Task item:
Repeat nothing but the line that contains "Certified 2022 Ford" and the lines after it, through the end of the listing, exactly as they stand; omit pictures.

Data:
..........

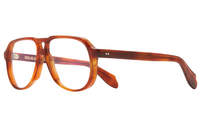 Bril op sterkte Cutler and Gross CGOP-9782-56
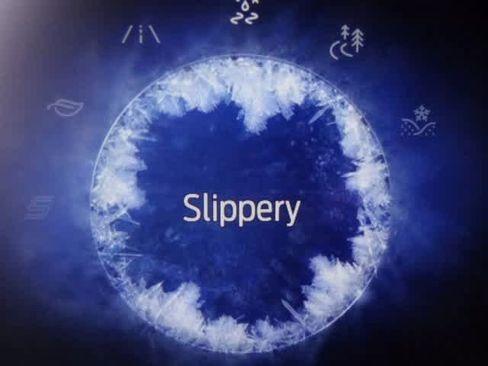 Certified 2022 Ford Explorer XLT w/ Class IV Trailer Tow Package image 34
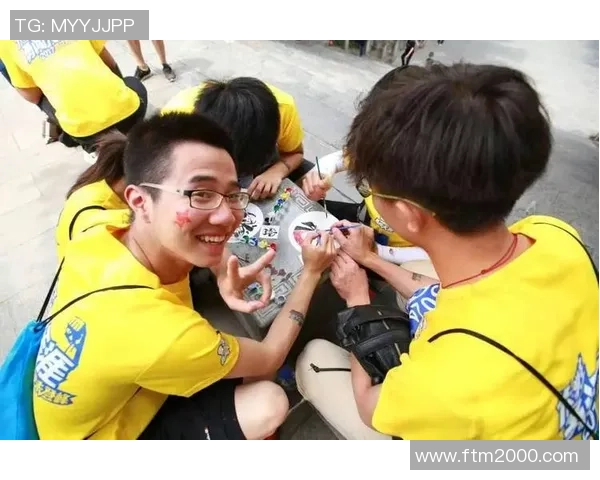 足球明星与跑男团队激情对决精彩视频回顾引发热议与欢笑 足球明星与跑男团队激情对决精彩视频回顾引发热议与欢笑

..........

Exercise result:
 Certified 2022 Ford Explorer XLT w/ Class IV Trailer Tow Package image 34
 足球明星与跑男团队激情对决精彩视频回顾引发热议与欢笑 足球明星与跑男团队激情对决精彩视频回顾引发热议与欢笑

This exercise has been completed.